"We went to the Moon as technicians; we returned as humanitarians." --Edgar Mitchell

"We came all this way to explore the moon, and the most important thing is that we discovered the earth." --William Anders

Tuesday, February 5, 2013


This week, I went into the Mitchell Library on campus and walked around the Current Publications section. The article I chose was from the AIAA's Journal of Spacecraft and Rockets, which means that it's a bit more technical than the last article I chose. It was definitely more brutal. First paragraph, and I learn a new word: rovibronic. I'm still not entirely certain what that means.

The article that I chose was "Absolute Radiation Measurement in Venus and Mars Entry Condition" by Brett A. Cruden, Dinesh Praghu, and Ramon Martinez. It can be found in the November-December 2012 issue of the Journal of Spacecraft and Rockets (Volume 49, Number 6). Picking this article might have been a mistake. From what I understand, because the composition of different planetary atmospheres is different, this results in different levels of radiative heating. Previously, it was mostly convective heating that was mostly predicted, but the size and speed of the entering body (....) can make this less accurate.

Now, I've taken optics and chemistry, and I understand that different chemicals and elements emit different spectral lines. I understand that as you heat things up, they emit blackbody radiation. Basically, we're all glowing due to our heat. This paper explored how the velocity and pressure caused the different elements and chemicals in the atmosphere to glow. Essentially, as the body moves at different speeds through the atmosphere, it "triggers" different elements to emit radiation that can be detected through these spectral lines. This is in addition to the blackbody radiation that occurs from the heating up of the gasses. I think.

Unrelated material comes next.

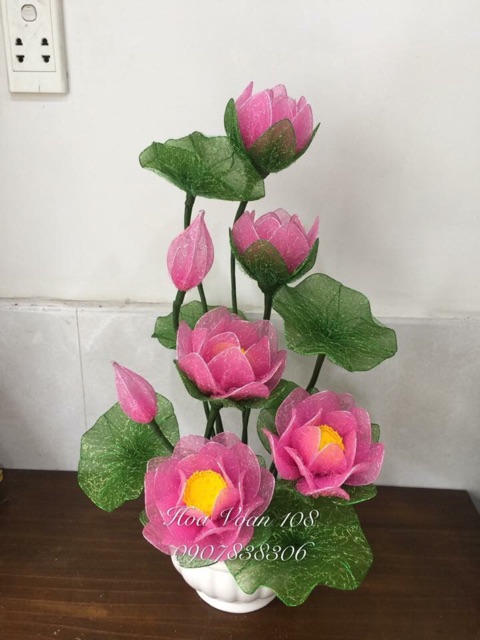 Nhuỵ sen màu vàng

Part of what this paper was trying to establish, however, was whether the software that they had been working on (at NASA Ames) would be an effective model/tool for predicting the radiance that would happen from planetary entry. The authors decided that not only did this software need work, but that the experimental methods needed to be refined. This part was the take-home lesson for me. Even though these guys are spending their entire work week doing research and working with million-dollar pieces of equipment, at the end of the day they still produce an article that explains how they can be better. It might be good to keep that in mind.